Martedì la presidente del Consiglio Giorgia Meloni ha dichiarato di essere sotto indagine per la liberazione di Njeim Osama Elmasry, capo della polizia giudiziaria della Libia. Le accuse a suo carico riguardano favoreggiamento e peculato. Il rilascio di Elmasry sarebbe avvenuto con procedure anomale, destando perplessità e polemiche.

Tribunale dei ministri, ecco come funziona

La stessa Meloni ha contribuito a creare incertezza sulla vicenda, affermando ripetutamente di aver ricevuto un avviso di garanzia e attribuendo l’inchiesta al procuratore capo di Roma, Francesco Lo Voi, noto per aver indagato in passato su Matteo Salvini nel caso Open Arms. In realtà, la comunicazione pervenuta alla premier non è un avviso di garanzia, ma riguarda un passaggio procedurale diverso: non sarà infatti la procura di Roma a condurre l’inchiesta, ma il tribunale dei ministri.

Tribunale dei ministri, cos'è e come funziona
Tribunale dei ministri, cos’è e come funziona – ANSA – Newsby.it

 

Secondo l’articolo 7 della legge costituzionale numero 1 del 1989, il presidente del Consiglio e i ministri non sono indagati dalle normali procure per i reati commessi nell’esercizio delle loro funzioni, ma da un organo specifico: il tribunale dei ministri. Questo organismo, attivo in ogni Corte d’Appello, è composto da tre magistrati selezionati ogni due anni. In un’indagine ordinaria, la procura può decidere di non informare l’indagato, salvo necessità di atti che richiedano la presenza di un avvocato difensore, come un interrogatorio.

Nel caso del tribunale dei ministri, il meccanismo è differente. Se una procura riceve una denuncia contro un ministro, il presidente del Consiglio o un membro del governo, la legge numero 1 del 1989 impone di trasmettere immediatamente gli atti al tribunale dei ministri, senza effettuare alcuna valutazione preliminare. Successivamente, la procura ha l’obbligo di informare l’interessato dell’invio degli atti, ed è questa la comunicazione ricevuta da Meloni. Tale comunicazione, definita “iscrizione al registro delle notizie di reato“, non è un avviso di garanzia, che invece viene notificato solo nell’ambito di un’indagine formale.

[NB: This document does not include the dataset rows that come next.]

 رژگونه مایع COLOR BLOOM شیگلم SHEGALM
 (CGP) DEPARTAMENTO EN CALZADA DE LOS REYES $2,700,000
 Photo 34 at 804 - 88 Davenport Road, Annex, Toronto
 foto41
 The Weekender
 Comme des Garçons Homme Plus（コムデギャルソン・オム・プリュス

L’inchiesta è partita da una denuncia presentata dall’avvocato Luigi Li Gotti. Gli atti trasmessi al tribunale dei ministri si basano essenzialmente su due pagine di esposto, contenenti frammenti di articoli di giornale sulla liberazione di Elmasry.

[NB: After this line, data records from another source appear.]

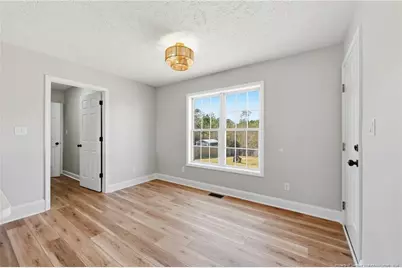 75 Wessex Court, Cameron, NC 28326 - Photo 19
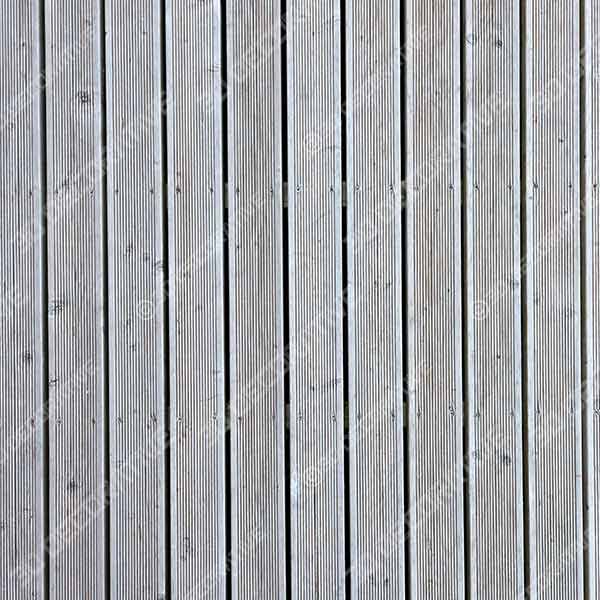 Wood Texture 23 - 3D Decorative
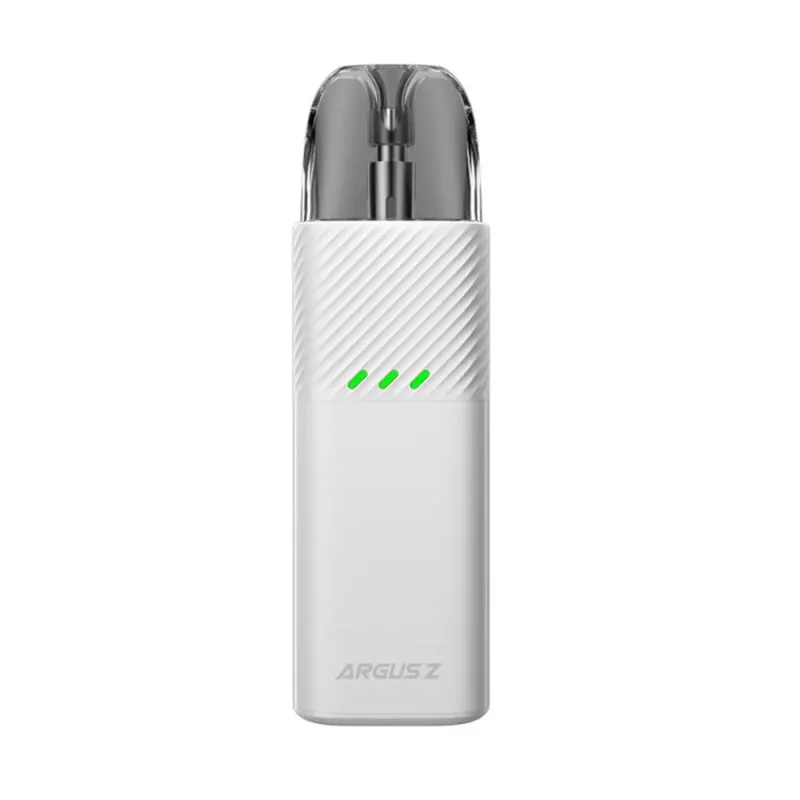 Argus Z Pod Kit Starter Kits Vape Kits Flavourvapour.co.uk at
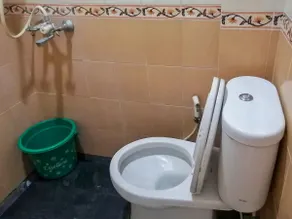 Griya Sakina Syariah near JIH Yogyakarta Mitra RedDoorz - Image 3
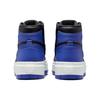 (WMNS) Air Jordan 1 Elevate High 'Hyper Royal' Women's DN3253-204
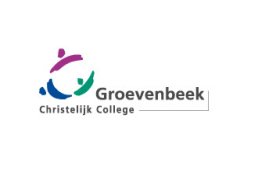 Hamlet herleeft : Groevenbeek brengt Shakespeare tot leven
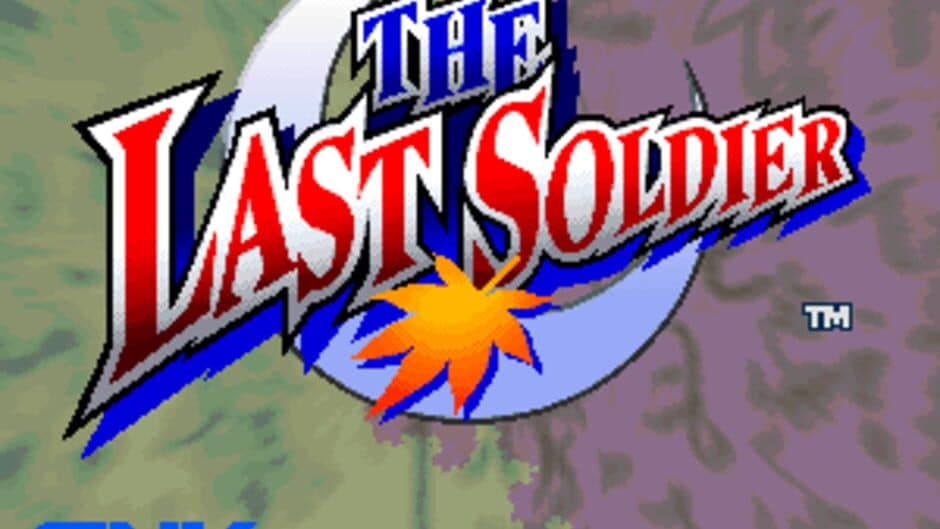 Скриншот 12 из The Last Blade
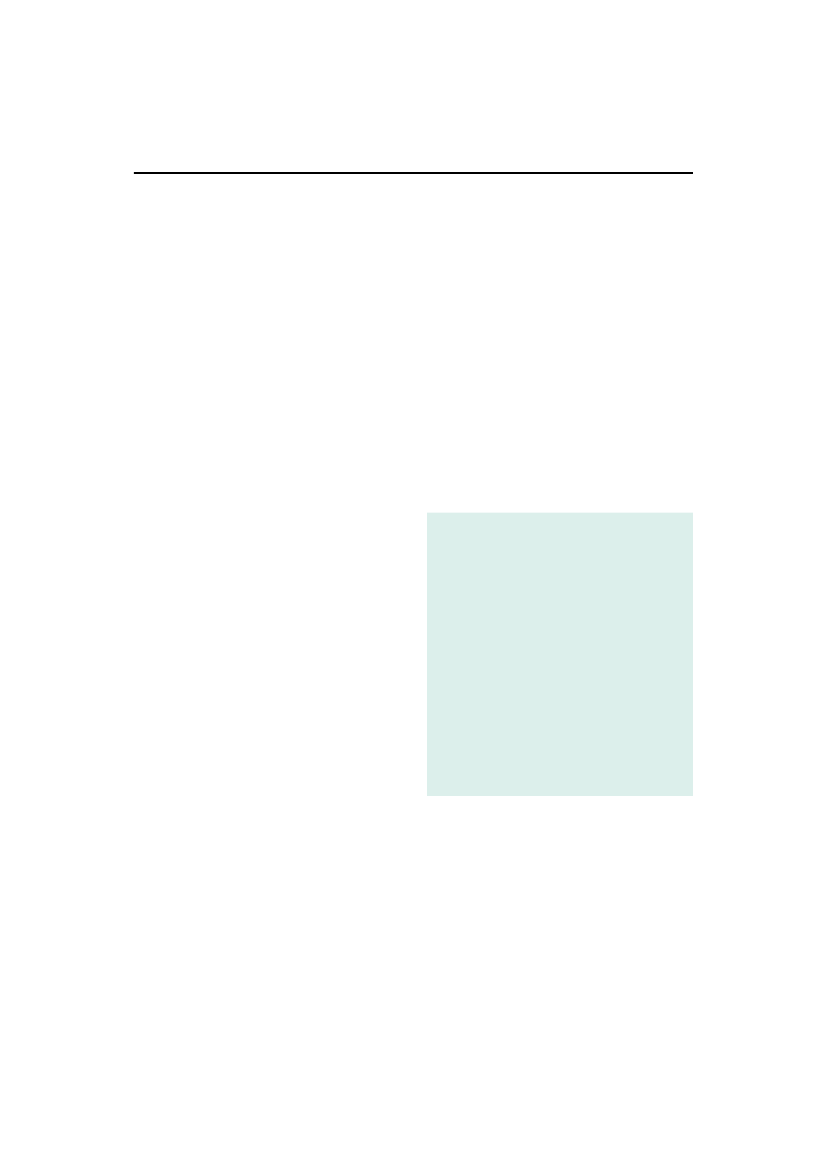 1890476_0116.png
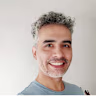 Daniel Vega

Ora il tribunale dei ministri ha un massimo di 90 giorni per decidere se archiviare il caso, trasferire gli atti a un’altra autorità giudiziaria qualora ritenesse che il presunto reato non rientri nelle funzioni ministeriali, oppure proseguire l’indagine. Nel caso in cui si prosegua, gli atti tornerebbero alla procura, che dovrà ottenere una autorizzazione parlamentare per procedere. Se la persona coinvolta è un deputato, come nel caso di Meloni, sarà la Camera dei deputati a decidere; se invece si tratta di un senatore, la competenza spetterà al Senato.

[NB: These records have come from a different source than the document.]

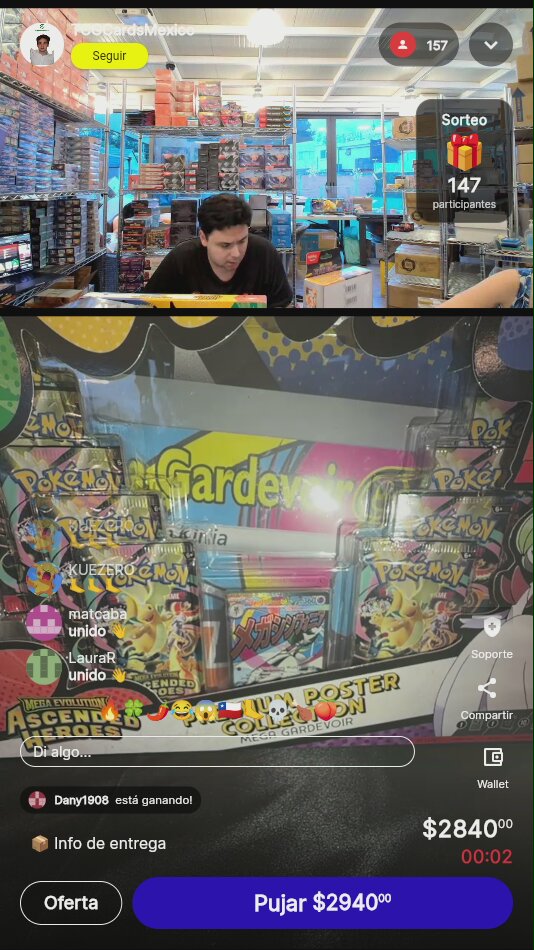Artículo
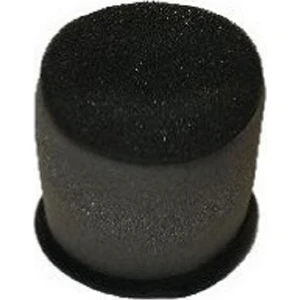 Mondi̇Al 125 Kt -150 Kt Hava Filitresi İç Elemanı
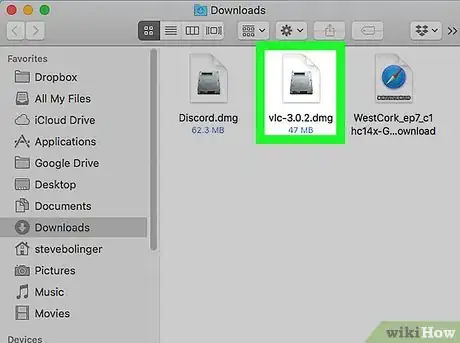 Image titled Play TS Files on PC or Mac Step 10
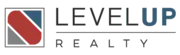 Level Up Realty – the Solari Group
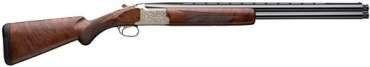 Browning Citori Feather Lightning 018163304 023614736745_1 370x67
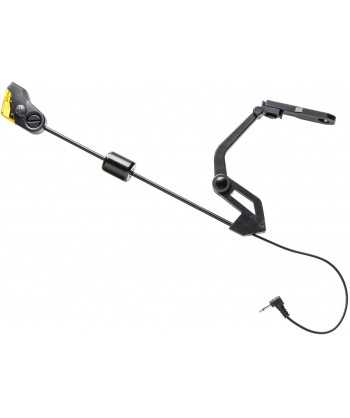 Swing arm MCX 66  - žlutá
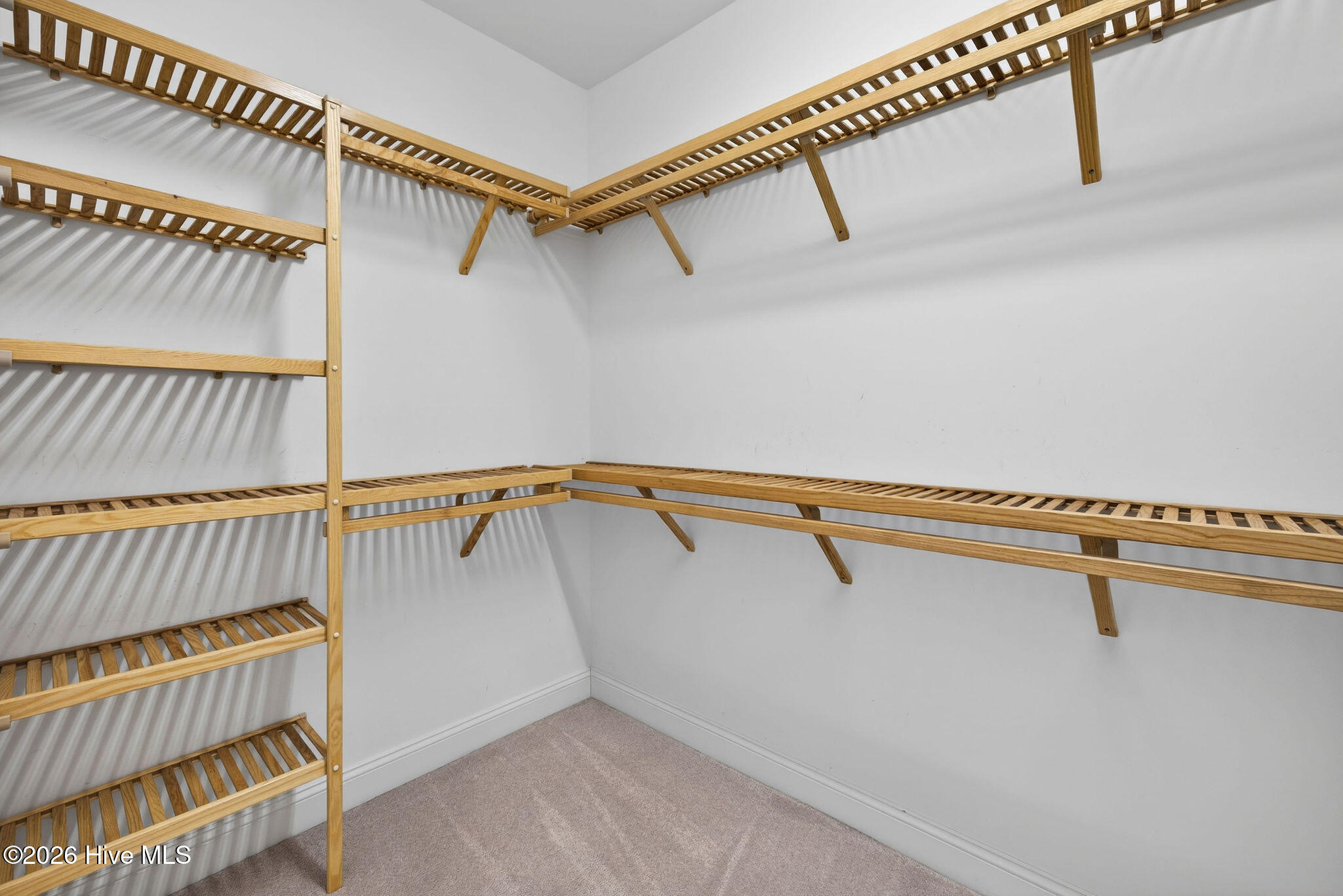 100566278 | Photo 26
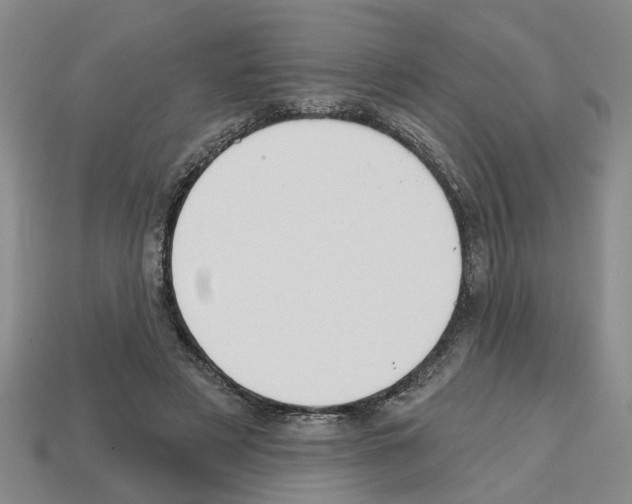 X0000112800497200910021123
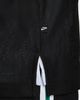 Nike - Áo ba lỗ thể thao Nam Giannis Men's Dri-FIT DNA Basketball Jersey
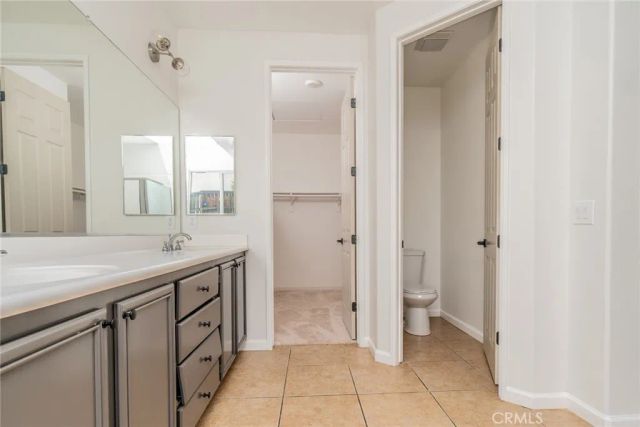 26614 Bay Avenue, Moreno Valley, CA 92555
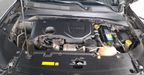 Jeep Compass 1.3 T270 SPORT AUTO Suv 2022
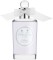 Penhaligon's Luna 100 мл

La decisione finale sull’autorizzazione è di natura politica. L’articolo 9 della legge costituzionale prevede infatti che la Camera possa negare l’autorizzazione se ritiene che il ministro abbia agito nell’interesse dello Stato o per un preminente interesse pubblico. In sintesi, l’ultima parola spetta al Parlamento.

Tuttavia, esiste un certo margine di discrezionalità. Non tutte le denunce contro membri del governo vengono automaticamente prese in carico dal tribunale dei ministri. Denunce considerate infondate possono essere archiviate direttamente dalla procura, che in questi casi è solitamente quella di Roma. Questo margine di discrezionalità è stato oggetto di critiche da parte di Meloni e del suo entourage, i quali accusano la procura di Roma di essere ostile al governo. Secondo loro, la semplice trasmissione degli atti al tribunale dei ministri dimostrerebbe un pregiudizio politico.

Nel video in cui annuncia di essere indagata, Meloni cita esplicitamente Lo Voi e definisce Li Gotti come un “ex politico di sinistra vicino a Romano Prodi“. Tuttavia, Li Gotti ha avuto trascorsi anche nell’estrema destra postfascista del Movimento Sociale Italiano.

Nel suo messaggio, Meloni conclude con toni risoluti: “Non sono ricattabile, non mi faccio intimidire. Probabilmente sono invisa a chi non vuole che l’Italia cambi e migliori. Per questo, continuerò a difendere gli italiani“.